Когда теряешь файл с написанным очерком, а в ленивой памяти твоей остаются только бессвязные слова и имена, ты снова убеждаешься, что нет больше причин доверять машине. Человеку свойственно верить в магию, в магию машины — не в последнюю очередь, но магия ее оказывается призрачной и обоюдоострой. Я ужаснулся магии машины, как ужаснулся сам Толкин, обратившись в незадачливого хоббита, блуждающего по гоблинским подземельям. Тот же ужас перед машиной — в мастерских Ортханка или в эссе "О волшебных историях". Толкин сам свидетельствует в письме к М. Уолдмену: "Вся моя книга написана в основном о Грехопадении, Смерти и Машине". Машина — это путь к власти, а самая совершенная и коварная идеальная машина Срединной земли — это кольцо, притягательное своей силой и одновременно вселяющее ужас. Мы бежим от этого ужаса и в нашем мире, но не можем скрыться от страданий, созданных нашими руками, "ибо мы отчетливо понимаем и уродство трудов наших, и их зло". Как пресловутые урук-хаи из джексоновского фильма, как Горлум-Голем в ужасе перед делом рук своих, мы бежим не оглядываясь, боясь увидеть за спиной штампованные рекламные постеры фильмов "Властелин колец" и "Гарри Поттер", глянцевые обложки журналов с сопутствующим, в меру и не в меру бестолковым освещением культурного/культового события. Бежим от всех этих "гомогенных явлений". И только в храме кто-то из нас успокаивается ненадолго, но помнит и плачет о своей судьбе.

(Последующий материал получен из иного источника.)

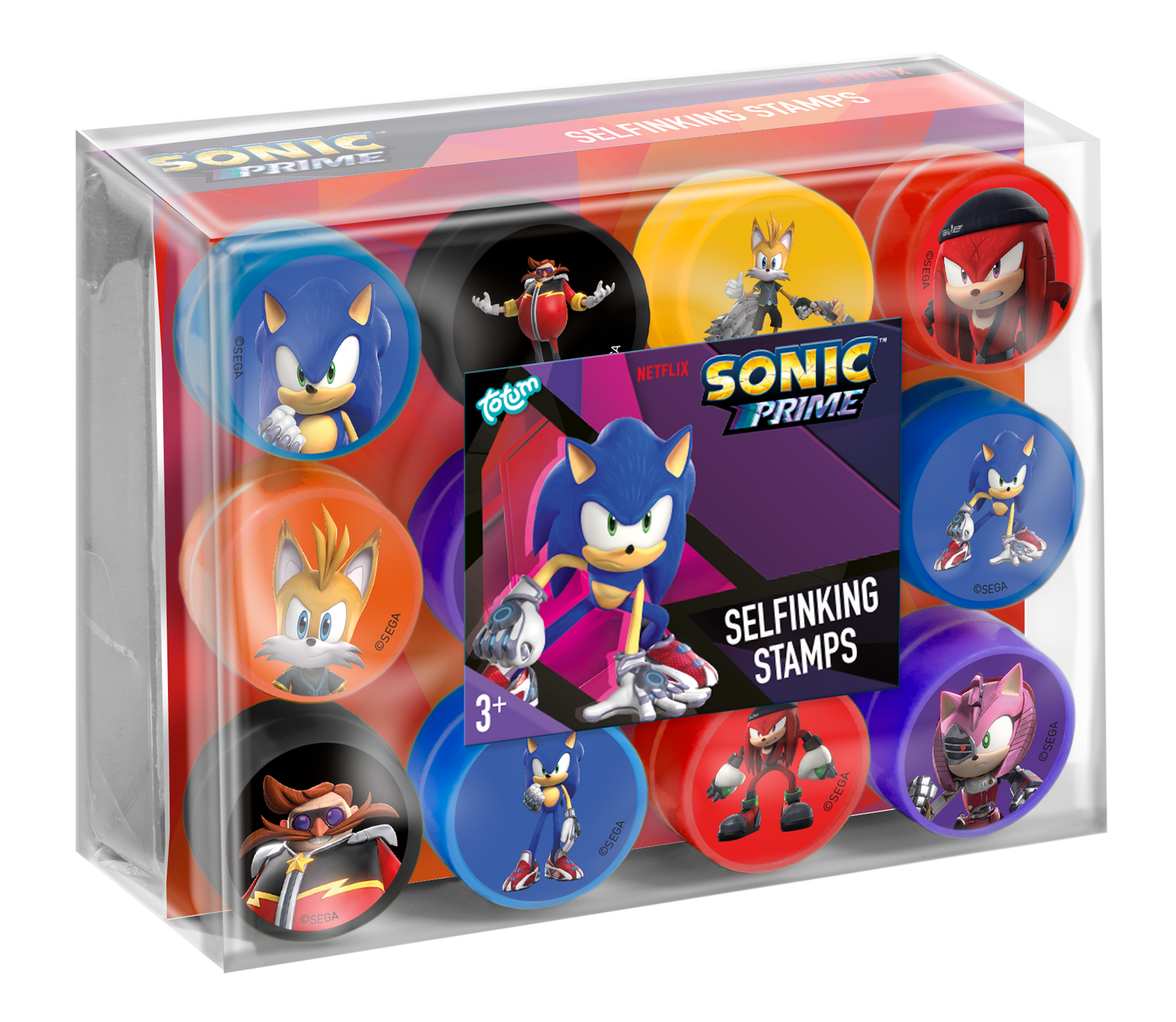 Sonic Self Inking Stamps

Став рабом машины (компьютера, телевизора или мобильного телефона), ты цепляешься за нее, за свою прелесть, как жалкий Горлум — и вот с истощавшей руки неспроста падает кольцо во тьму пещеры, полной орков, а бедный жесткий диск сыпется от перепада напряжения в траченной временем подмосковной сети. "Человек — это звучит Горлум", — как могли бы написать авторы "Межлокальной контрабанды". И как действительно написал незадолго до смерти юродствующий Ю.Н. Стефанов (упокой Господи его душу): Горлум, наше подобие, — "это лже-Адам, анти-Адам конца времен", поры геноновского "зловещего и бесконечного карнавала". Уготована ли нам его участь?

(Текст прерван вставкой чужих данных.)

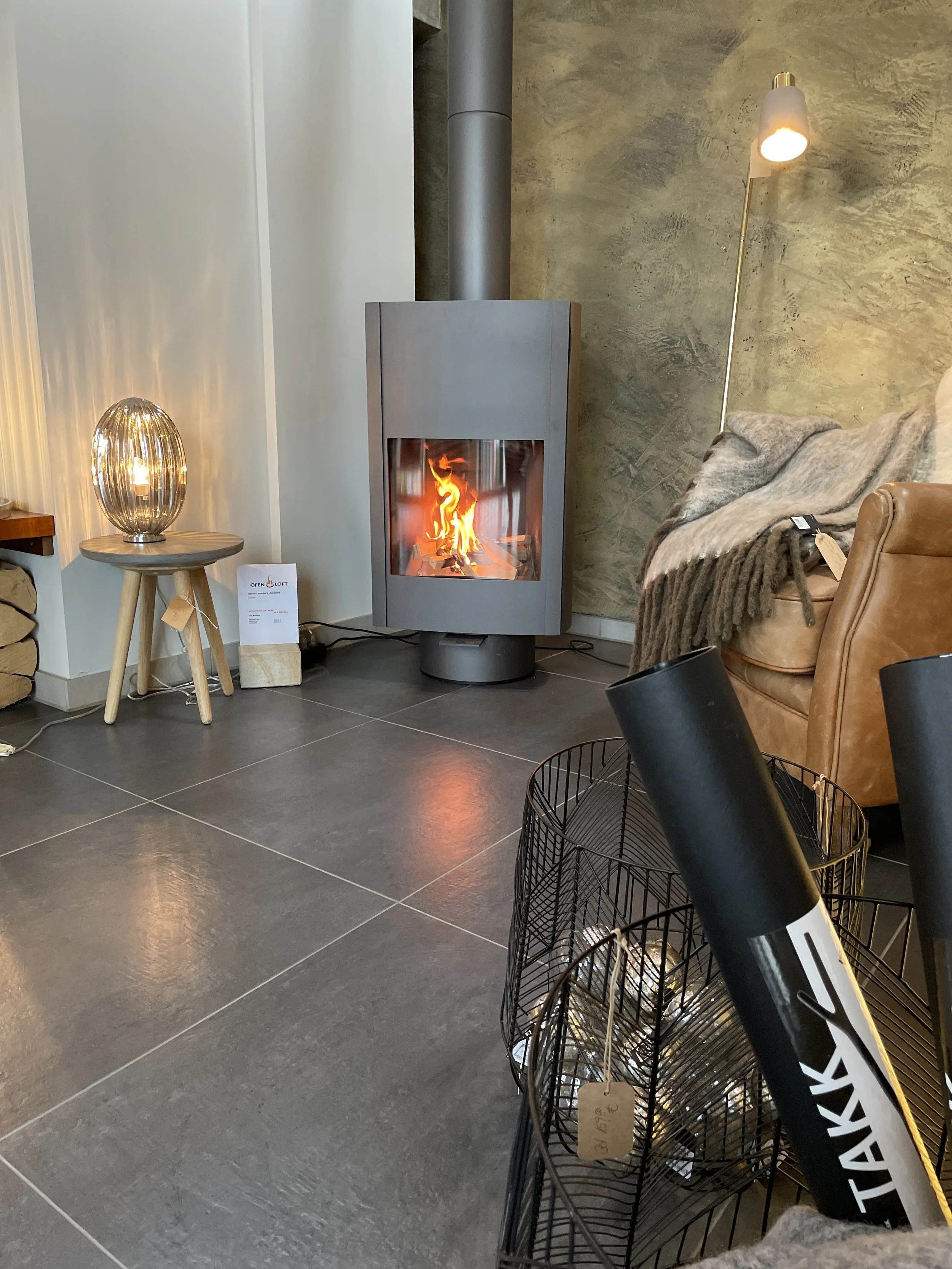 Sobald das Feuer brennt, überlässt der Sorenne die Bühne gerne den Flammen...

Что толку вспоминать утерянные мысли, метафоры, логичные и алогичные построения, лежащие ныне на мутном илистом дне полетевшего винчестера. Ни к чему теперь взывать: "Где ты, где ты, моя прелесть?" Остается повод и интрига нашего очерка — фильм "Властелин колец" некоего Джексона, в прошлом режиссера дешевой эротики и фильмов ужасов, а сейчас — создателя культового фильма года или фильма века (что уж там будет угодно рекламе). Фильм интересен не сам по себе. Для ценителя мировой классики кино, и не в последнюю очередь русского кино советского периода, ясно, что серьезно говорить о каких-либо художественных достоинствах экранизации Джексона причин нет. Фильм — это большая движущаяся компьютерная игра, оправдывающая давнее замечание Борхеса о "кинематографе" как "описании движения". Движение превыше всего. Искомый зритель может вальяжно развалиться в кресле с поп-корном или пивом в руке и, как сто лет назад глядел на несущийся навстречу паровоз, следить сейчас за несущимися навстречу черными конями назгулов (времени нет, оно раздроблено на мгновения погони, и девятерым королям никогда не нагнать Фродо, ползи он хоть со скоростью черепахи).

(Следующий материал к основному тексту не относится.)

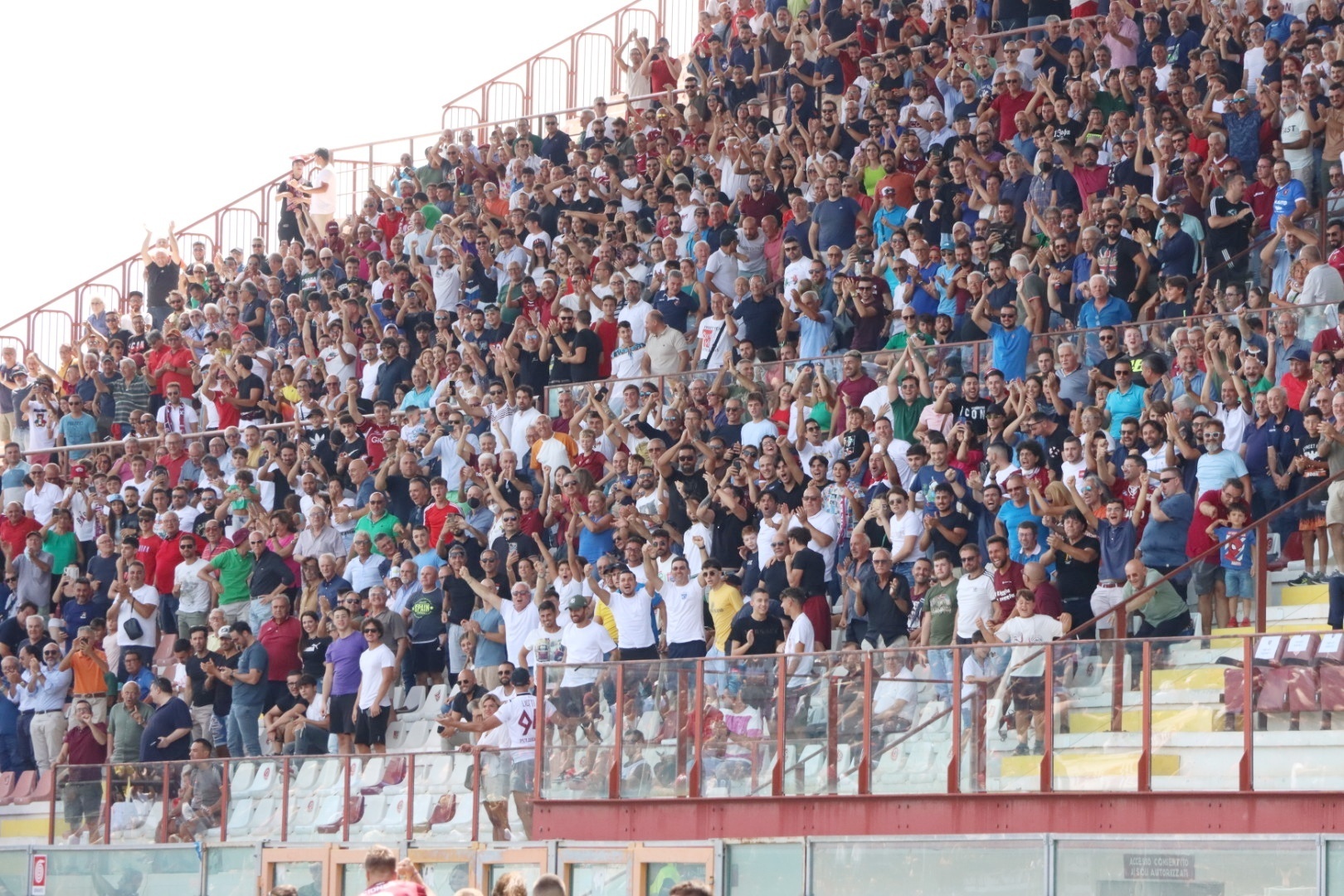 Reggina-Palermo tifosi Granillo Tribuna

Фильм интересен как свидетельство. Во-первых, свидетельство эпохи: эпохи падающих "двух башен", глобальной войны Западного мира с восточной "осью зла", эпохи излета политкорректности, или, по крайней мере, политкорректности не для всех. Во-вторых, свидетельство реальности мира Толкина, сотворившего Срединную землю и населяющие ее народы не на потребу дня, но используя древние неписаные каноны созидания мифа. Этот миф — самая объективная реальность, и он не может быть назван христианским или гностическим, и даже эльфийским, потому что эльфы только играют отведенную им роль в мифе, играют миф, — но это миф Толкина, его личное изобретение. И, в-третьих, фильм — это свидетельство победы книги, может быть, даже Книги с большой буквы, хотя ей вовсе не было нужды побеждать. Если вы возьмете в руки "Властелин колец", вы почувствуете аромат бесконечной Книги, который вы улавливали когда-то, перелистывая "Сказки тысячи и одной ночи", "Махабхарату" или ирландский эпос. Книга или Творец Книги побеждает в тот миг, когда вам кажется, что ей не будет конца, и вы сами станете частью этой истории или этой Книги (у Толкина для меня этой точкой сборки была глава о совете у Элронда, тем печальнее смотреть сцену совета в фильме).